Who made the loco, what model?


----------



## Hotrainewbie (Feb 14, 2021)

Dennis461 said:


> Who made the loco, what model?


It’s an atlas master locomotive in the silver series


----------



## flyboy2610 (Jan 20, 2010)

Larry always has good advice:


https://www.youtube.com/c/SoloContracting


----------



## sid (Mar 26, 2018)

get your self an arduino and a motor shield then put dcc++ex on that and run JMRI on ur puter, then find the proper dcc for your loco install every thing and boom your in dcc for under $100 bucks for everything. once feet is wet get enging driver fer your phone then you can be wireless cheap but very effective


----------



## J.Albert1949 (Feb 3, 2018)

*OP:*

You have A LOT of learning ahead of you. *A LOT.*

Frankly, you might do better to buy the loco of your choice with dcc/sound pre-installed.

If you're serious, do this:
Take off the shell and have a look inside.
Take a few DETAILED pics, and post them here.

Before you can even think about what to do with any engine, you've got to decide what kind of dcc setup you're going to buy.

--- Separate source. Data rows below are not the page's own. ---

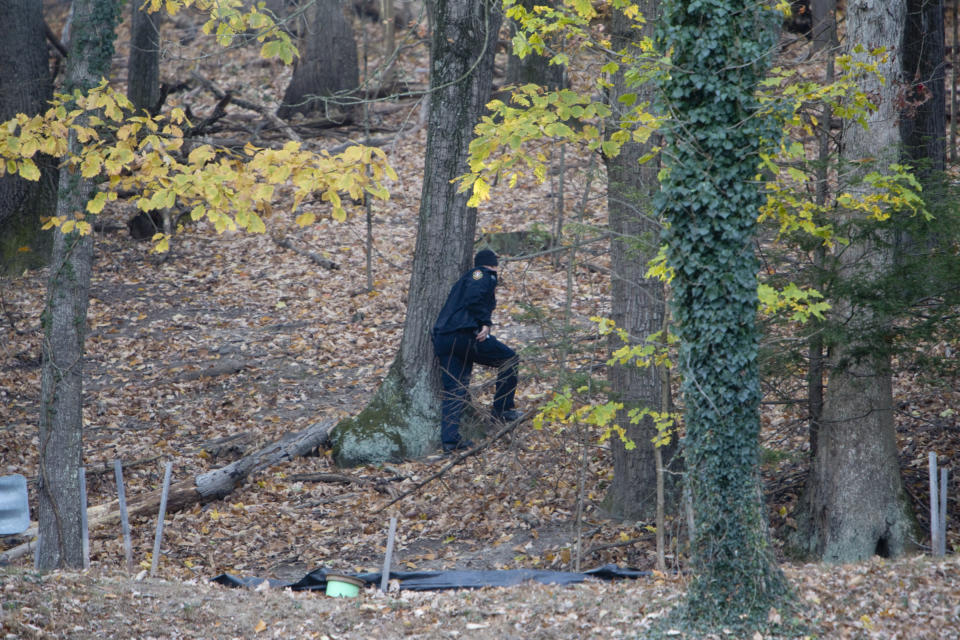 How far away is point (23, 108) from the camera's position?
545 inches

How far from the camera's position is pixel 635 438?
25.9ft

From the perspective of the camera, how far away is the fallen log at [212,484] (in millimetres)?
8414

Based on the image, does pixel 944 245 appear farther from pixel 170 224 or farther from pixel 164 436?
pixel 170 224

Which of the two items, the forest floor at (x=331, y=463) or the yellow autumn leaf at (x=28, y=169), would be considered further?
the yellow autumn leaf at (x=28, y=169)

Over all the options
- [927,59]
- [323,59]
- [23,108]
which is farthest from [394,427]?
[323,59]

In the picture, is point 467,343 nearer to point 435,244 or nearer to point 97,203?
point 435,244

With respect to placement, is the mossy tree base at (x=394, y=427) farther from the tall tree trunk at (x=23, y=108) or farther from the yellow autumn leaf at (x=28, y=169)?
the tall tree trunk at (x=23, y=108)

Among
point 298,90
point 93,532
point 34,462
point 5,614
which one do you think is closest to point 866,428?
point 5,614

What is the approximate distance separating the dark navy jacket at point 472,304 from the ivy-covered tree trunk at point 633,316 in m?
1.71

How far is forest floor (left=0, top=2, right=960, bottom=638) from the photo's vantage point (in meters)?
5.61

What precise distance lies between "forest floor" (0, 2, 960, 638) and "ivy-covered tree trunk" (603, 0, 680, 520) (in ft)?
0.90

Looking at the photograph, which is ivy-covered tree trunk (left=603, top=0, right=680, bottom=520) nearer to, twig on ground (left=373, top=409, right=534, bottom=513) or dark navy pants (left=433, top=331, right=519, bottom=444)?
twig on ground (left=373, top=409, right=534, bottom=513)

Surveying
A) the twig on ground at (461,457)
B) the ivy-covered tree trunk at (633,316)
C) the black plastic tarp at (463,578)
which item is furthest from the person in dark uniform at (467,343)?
the black plastic tarp at (463,578)

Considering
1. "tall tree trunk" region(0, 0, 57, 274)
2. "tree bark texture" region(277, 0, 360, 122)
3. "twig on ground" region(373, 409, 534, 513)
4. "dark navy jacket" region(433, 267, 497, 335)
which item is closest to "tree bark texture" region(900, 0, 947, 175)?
"dark navy jacket" region(433, 267, 497, 335) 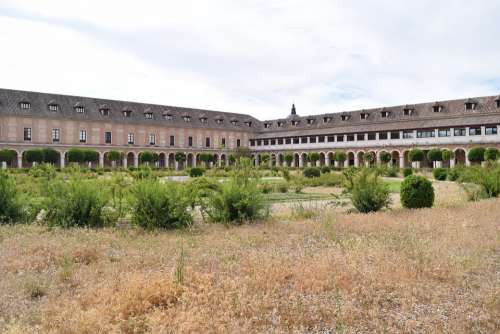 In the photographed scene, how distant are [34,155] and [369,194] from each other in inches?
1527

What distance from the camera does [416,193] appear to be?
1220cm

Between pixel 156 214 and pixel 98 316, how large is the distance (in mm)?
4758

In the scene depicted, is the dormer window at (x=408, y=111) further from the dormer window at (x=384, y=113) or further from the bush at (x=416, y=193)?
the bush at (x=416, y=193)

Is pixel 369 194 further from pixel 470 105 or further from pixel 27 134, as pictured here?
pixel 27 134

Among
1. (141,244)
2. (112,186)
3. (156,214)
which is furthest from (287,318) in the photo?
(112,186)

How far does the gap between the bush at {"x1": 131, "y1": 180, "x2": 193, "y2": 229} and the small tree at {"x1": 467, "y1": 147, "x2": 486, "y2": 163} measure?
35.9 m

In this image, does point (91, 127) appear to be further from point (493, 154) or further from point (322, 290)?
point (322, 290)

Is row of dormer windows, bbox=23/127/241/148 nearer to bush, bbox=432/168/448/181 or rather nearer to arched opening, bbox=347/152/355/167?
arched opening, bbox=347/152/355/167

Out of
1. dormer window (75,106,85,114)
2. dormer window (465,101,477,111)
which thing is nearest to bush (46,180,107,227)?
dormer window (75,106,85,114)

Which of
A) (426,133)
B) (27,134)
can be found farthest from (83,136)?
(426,133)

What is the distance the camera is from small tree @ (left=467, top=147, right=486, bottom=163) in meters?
37.9

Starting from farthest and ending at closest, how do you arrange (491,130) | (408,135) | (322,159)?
(322,159) → (408,135) → (491,130)

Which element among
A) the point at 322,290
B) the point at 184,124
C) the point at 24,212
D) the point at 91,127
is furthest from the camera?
the point at 184,124

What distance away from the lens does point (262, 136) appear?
210 ft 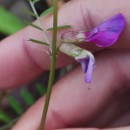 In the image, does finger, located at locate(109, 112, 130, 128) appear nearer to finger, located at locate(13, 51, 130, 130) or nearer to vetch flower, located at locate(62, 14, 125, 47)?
finger, located at locate(13, 51, 130, 130)

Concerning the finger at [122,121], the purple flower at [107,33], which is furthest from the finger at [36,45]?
the finger at [122,121]

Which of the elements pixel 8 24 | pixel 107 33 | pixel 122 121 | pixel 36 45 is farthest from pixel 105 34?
pixel 8 24

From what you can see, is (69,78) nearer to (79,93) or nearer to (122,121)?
(79,93)

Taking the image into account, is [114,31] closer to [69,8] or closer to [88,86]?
[69,8]

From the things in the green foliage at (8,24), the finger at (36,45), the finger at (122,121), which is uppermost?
the finger at (36,45)

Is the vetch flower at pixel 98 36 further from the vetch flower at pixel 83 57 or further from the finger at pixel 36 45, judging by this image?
the finger at pixel 36 45

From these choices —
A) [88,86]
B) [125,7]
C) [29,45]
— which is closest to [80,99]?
[88,86]

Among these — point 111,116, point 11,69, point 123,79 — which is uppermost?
point 11,69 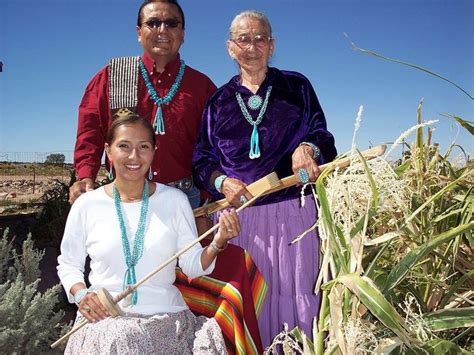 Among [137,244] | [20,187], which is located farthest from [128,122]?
[20,187]

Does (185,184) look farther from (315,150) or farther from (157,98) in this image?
(315,150)

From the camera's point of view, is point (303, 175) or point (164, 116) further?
point (164, 116)

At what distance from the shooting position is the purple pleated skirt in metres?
2.73

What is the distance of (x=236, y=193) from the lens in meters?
2.62

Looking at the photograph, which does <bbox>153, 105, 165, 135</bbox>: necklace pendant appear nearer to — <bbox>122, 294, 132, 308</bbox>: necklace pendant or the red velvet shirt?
the red velvet shirt

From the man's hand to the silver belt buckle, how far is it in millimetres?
453

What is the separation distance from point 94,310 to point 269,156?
109 cm

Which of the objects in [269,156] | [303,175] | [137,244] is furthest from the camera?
[269,156]

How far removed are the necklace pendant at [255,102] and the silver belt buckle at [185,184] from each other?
21.9 inches

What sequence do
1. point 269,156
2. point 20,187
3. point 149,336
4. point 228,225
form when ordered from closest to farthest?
1. point 149,336
2. point 228,225
3. point 269,156
4. point 20,187

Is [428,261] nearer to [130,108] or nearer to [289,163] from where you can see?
[289,163]

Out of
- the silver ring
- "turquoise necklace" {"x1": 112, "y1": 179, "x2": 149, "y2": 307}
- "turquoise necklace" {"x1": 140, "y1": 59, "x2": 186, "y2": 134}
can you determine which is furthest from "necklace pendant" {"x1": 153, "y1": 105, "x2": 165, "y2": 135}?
the silver ring

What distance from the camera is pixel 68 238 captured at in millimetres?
2463

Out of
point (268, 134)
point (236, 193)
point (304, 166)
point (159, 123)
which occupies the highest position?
point (159, 123) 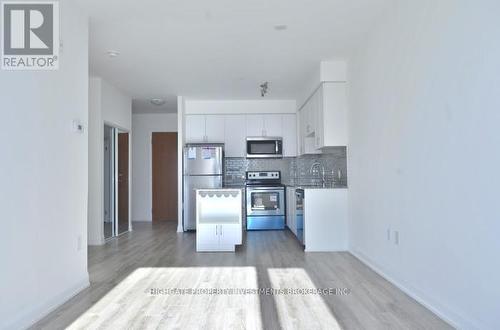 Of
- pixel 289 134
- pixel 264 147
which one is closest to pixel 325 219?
pixel 264 147

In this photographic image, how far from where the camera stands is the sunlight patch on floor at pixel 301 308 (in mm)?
2453

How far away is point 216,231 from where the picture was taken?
491cm

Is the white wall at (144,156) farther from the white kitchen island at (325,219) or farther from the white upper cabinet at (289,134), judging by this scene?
the white kitchen island at (325,219)

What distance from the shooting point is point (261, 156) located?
7.14 metres

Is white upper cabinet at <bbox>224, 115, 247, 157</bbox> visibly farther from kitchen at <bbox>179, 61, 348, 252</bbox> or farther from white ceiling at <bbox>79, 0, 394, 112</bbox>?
white ceiling at <bbox>79, 0, 394, 112</bbox>

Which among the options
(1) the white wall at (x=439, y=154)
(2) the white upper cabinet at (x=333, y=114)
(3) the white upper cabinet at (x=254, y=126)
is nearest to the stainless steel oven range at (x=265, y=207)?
(3) the white upper cabinet at (x=254, y=126)

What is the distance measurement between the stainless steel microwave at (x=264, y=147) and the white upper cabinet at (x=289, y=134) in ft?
0.45

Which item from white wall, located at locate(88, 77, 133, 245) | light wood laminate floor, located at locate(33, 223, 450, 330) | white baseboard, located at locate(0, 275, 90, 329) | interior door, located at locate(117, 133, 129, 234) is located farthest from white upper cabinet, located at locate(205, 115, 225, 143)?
white baseboard, located at locate(0, 275, 90, 329)

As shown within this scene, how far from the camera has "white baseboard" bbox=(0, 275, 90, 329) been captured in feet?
7.64

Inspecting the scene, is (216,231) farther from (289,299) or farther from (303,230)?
(289,299)

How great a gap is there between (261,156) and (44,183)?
15.6 ft

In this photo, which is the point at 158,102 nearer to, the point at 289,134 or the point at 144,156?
the point at 144,156

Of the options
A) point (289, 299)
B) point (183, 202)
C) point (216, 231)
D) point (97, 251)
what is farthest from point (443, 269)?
point (183, 202)

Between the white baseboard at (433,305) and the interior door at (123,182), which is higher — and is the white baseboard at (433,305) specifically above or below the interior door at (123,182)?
below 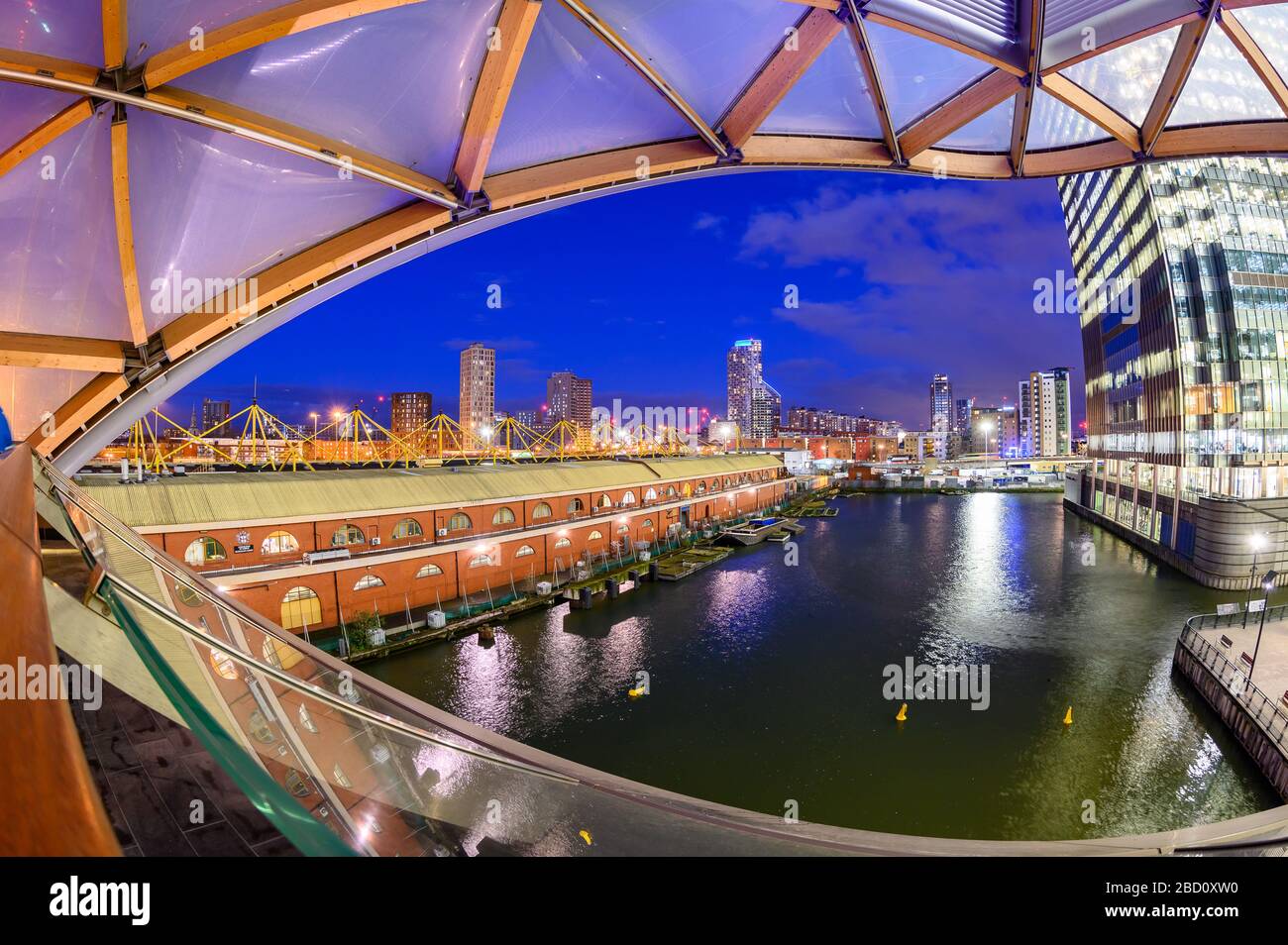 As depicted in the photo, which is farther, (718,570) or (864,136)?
(718,570)

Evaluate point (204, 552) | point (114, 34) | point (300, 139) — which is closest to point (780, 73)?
point (300, 139)

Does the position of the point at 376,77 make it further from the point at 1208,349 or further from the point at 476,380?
the point at 476,380

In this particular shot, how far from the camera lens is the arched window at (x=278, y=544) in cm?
1911

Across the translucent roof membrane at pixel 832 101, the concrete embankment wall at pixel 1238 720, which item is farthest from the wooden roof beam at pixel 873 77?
the concrete embankment wall at pixel 1238 720

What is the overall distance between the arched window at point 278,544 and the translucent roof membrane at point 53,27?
1779cm

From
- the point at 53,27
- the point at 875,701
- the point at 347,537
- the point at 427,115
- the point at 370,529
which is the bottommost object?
the point at 875,701

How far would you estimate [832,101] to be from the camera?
829cm

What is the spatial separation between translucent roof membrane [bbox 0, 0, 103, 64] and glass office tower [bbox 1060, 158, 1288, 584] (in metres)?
44.0

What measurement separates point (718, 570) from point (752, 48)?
29664mm

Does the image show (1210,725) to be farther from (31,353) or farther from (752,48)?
(31,353)

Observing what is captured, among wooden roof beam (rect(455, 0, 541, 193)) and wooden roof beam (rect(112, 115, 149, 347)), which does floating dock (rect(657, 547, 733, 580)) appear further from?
wooden roof beam (rect(112, 115, 149, 347))

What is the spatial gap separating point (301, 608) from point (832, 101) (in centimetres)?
2215

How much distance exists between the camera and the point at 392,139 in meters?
6.88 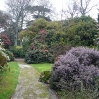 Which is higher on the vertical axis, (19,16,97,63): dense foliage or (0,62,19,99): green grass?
(19,16,97,63): dense foliage

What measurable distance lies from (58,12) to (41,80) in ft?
79.4

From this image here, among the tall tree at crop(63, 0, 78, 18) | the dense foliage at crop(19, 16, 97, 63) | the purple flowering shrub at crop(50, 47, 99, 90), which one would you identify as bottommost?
the purple flowering shrub at crop(50, 47, 99, 90)

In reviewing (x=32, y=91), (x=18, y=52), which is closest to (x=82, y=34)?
(x=18, y=52)

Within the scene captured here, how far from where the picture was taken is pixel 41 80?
9422 mm

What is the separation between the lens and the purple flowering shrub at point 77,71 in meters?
7.29

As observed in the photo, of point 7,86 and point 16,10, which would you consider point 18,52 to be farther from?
point 7,86

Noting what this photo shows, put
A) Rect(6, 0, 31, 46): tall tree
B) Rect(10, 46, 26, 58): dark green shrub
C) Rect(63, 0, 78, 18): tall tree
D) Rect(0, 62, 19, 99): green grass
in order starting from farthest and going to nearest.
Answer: Rect(6, 0, 31, 46): tall tree, Rect(63, 0, 78, 18): tall tree, Rect(10, 46, 26, 58): dark green shrub, Rect(0, 62, 19, 99): green grass

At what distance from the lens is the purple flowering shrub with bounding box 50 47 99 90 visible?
7.29 m

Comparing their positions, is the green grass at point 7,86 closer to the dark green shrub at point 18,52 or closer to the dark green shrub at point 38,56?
the dark green shrub at point 38,56

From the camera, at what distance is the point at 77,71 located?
7922mm

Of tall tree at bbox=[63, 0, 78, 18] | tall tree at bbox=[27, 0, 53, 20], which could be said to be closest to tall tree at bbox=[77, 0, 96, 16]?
tall tree at bbox=[63, 0, 78, 18]

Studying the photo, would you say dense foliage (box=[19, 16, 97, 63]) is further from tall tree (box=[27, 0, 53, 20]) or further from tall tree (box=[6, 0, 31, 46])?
tall tree (box=[27, 0, 53, 20])

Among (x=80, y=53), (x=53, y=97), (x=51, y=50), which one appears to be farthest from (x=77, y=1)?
(x=53, y=97)

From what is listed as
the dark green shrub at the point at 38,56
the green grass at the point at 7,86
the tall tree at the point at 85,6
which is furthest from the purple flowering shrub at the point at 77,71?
the tall tree at the point at 85,6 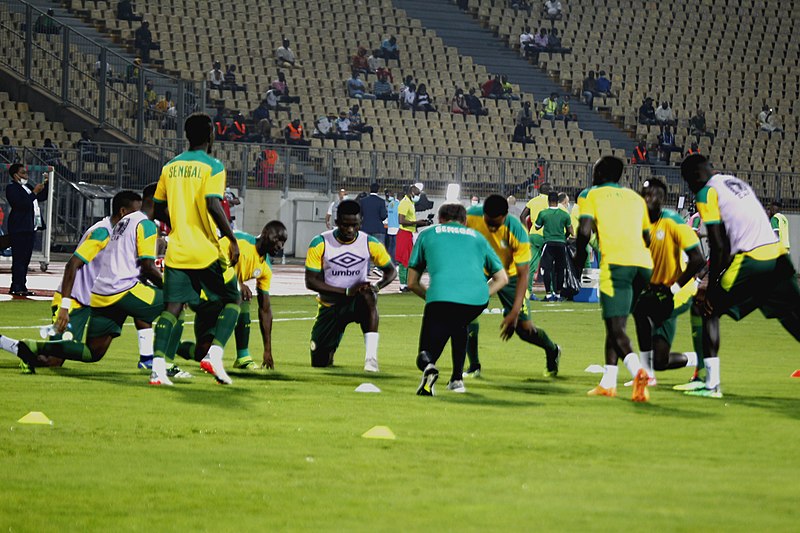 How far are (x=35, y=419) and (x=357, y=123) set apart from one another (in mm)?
31386

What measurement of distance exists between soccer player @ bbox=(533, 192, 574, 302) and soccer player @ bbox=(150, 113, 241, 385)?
14.0 metres

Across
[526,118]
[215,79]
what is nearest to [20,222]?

Can you tell us which one you've chosen?


----------



## Hotrainewbie (Feb 14, 2021)

J.Albert1949 said:


> *OP:*
> 
> You have A LOT of learning ahead of you. *A LOT.*
> 
> ...


I’m not for certain exactly what I need but I’ve found this. Which may or may not work. I have no idea how to take the shell off. Digitrax SFX006 Soundbug


----------



## DonR (Oct 18, 2012)

Since you are familiar with the Indy model train
club it would seem your best bet would be to
take the loco to them and ask for guidance.
It may be that one or more would volunteer
to do the sound installation for you. 

You should have your DCC system on hand
before you try to install the sound decoder.
There are DCC decoder options that only
a DCC controller can do. 

Digitrax, NEC, and MRC make controllers
that can do what you need done. And, again,
if you choose the DCC system that Indy club
uses you could further benefit from their
experience.

Don


----------



## Hotrainewbie (Feb 14, 2021)

If anyone is still following this discussion, would it be easier to just install ditch lights onto a model already equipped with DCC+ Sound? It just struck me as an option


----------



## OilValleyRy (Oct 3, 2021)

I agree with Don. 
The plugs (8 pin etc) needn’t be installed. The factory did that in all recent products. But you’ll want to know which type of plug as you may need an adapter. Only older locos will need soldered connections.
DCC Sound boards often replace the factory installed board as Sound boards include motor control etc. Some plug in via an 8 pin i.e. The only trick is to know which pin is designated 1 so it isn’t installed 180 degrees.
Sounds will be synchronized by the factory to motor draw etc. You shouldn’t need to change anything, but in most cases the option to do so is available to you. Case in point the Tsunami2 EMD2 board which I think is correct for the Dash 9 has I think over a dozen different horns to choose from.

Ditch lights will require an available function. I like ditch lights, but I do not like to install them. Those, if added post-out of box, will need to be programmed after being connected to F-whichever.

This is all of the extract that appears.